Başlık: Ynt: Atsız'ın bir makalesi
Gönderen: KÜR ŞAD 2023 - 26 Ocak 2013
Karma eğitime taraftar olmayanlar, kızları eğitimden tamamen dışlayalım demiyor ki. Müfredat aynı olduktan sonra, aynı okulda da olsalar, başka okullarda da bulunsalar eş değer bilgi birikimiyle yetişecektir çocuklar. Kadın evdeşlik ve analık görevlerini de üstleneceği için; erkeklerden daha kültürlü yetiştirilmelidir. Buna bir itirazı olan yoktur bence. İtiraz edilen nokta şu. Ergenlik dönemindeki kız ve erkek çocuklarını aynı çatı altında tutmak, hem disiplin, hem de ahlak açısından sakıncalıdır. Örneklerini görmek isteyenler kendilerine en yakın liseyi ziyaret edebilirler.
Kadının asli görevi ve Türkçülüğün kadına bakışı hakkında bilgi edinmek için, Atsız atanın "Türkçülüğün meseleleri" isimli makalesi okunmalıdır.
Başlık: Ynt: Atsız'ın bir makalesi
Gönderen: o.öcal - 27 Ocak 2013
Dede Korkut hikayelerini hatırlarsak hikayeye konu olan yiğidin veya beyin kırk savaşçı arkadaşı vardır, yine hikayeye konu olan Türk kızının (Bey kızı) kırk yiğit kız savaşçı arkadaşı vardır. Bunlar ayrı ayrı kuvvetlerdir. Ama gerektiğinde birleşerek bir birlerine yardımcı olurlar.

Günümüz şartlarında ister karma ister ayrı ayrı sınıflarda eğitim gördürelim pek farklı bir şey ortaya çıkmaz. çocuklarımızın ahlakı o kadar bozulmuş ki kız kıza erkek erkeğe istediğin gibi yanlış yapabilmektedir. Karma bir sınıfta karşı cinsten az da olsa çekinme olayı olacağından bu ahlaksız tutum ve davranışlarda aza indirgeme mümkündür.

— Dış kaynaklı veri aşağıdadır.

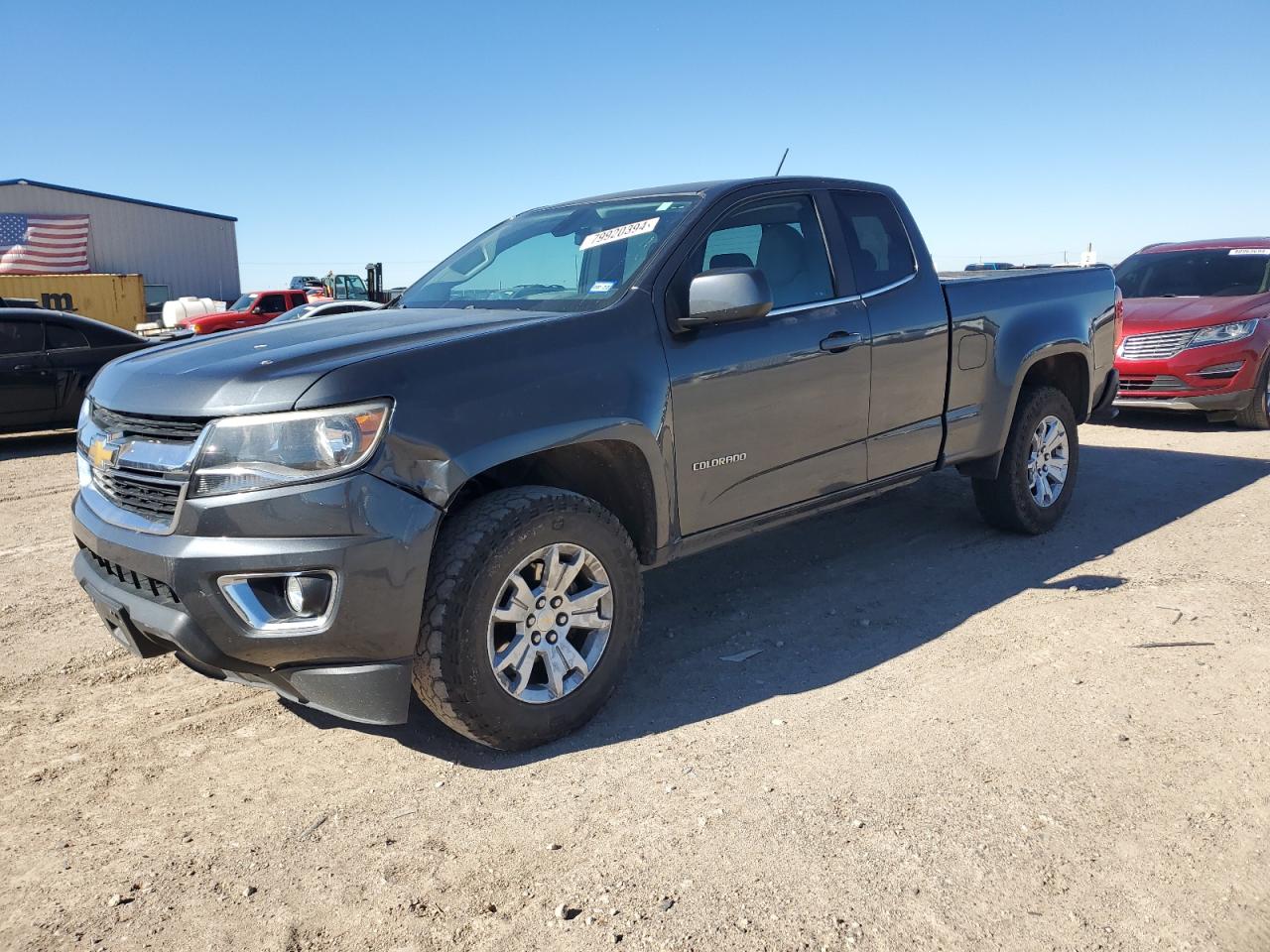 2016 Chevrolet Colorado VIN 1GCHSCEA7G1142043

Önemli olan Türk kültürünün özünde bulunan büyüğe saygı olayının gerçek hayatta uygulanabilir olması, saygının korkudan ve inançtan değil töreden kaynaklandığının bilincine varılması, uygulanacak disiplinin hırçınlaştırıcı değil caydırıcı olmasıdır.

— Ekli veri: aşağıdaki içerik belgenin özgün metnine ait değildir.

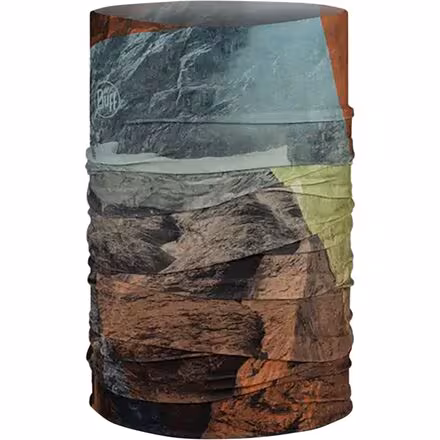 Original Geometric Print Buff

Günümüz şartlarında bayan öğretmenin sınıfa girmesi disiplin açısından yeterli olmamaktadır. Bu girmemesi gerekir anlamına gelmez. Zaten disiplini bozan da töresizliktir.

Yapılması gereken Türk milli eğitiminin Türk kültürüne hizmet eder hale getirilmesi yanında tüm eğitimcilerin de Türk kültürü ile donatılması lazımdır. Velilerimiz Türk kültürünü özümsemezi gerekir. Velilerimizden az da olsa bazıları tüm aklaksızlıkları artık hoş görür duruma gelmiş, disiplinsizliği özgürlük olarak algılamaktadır.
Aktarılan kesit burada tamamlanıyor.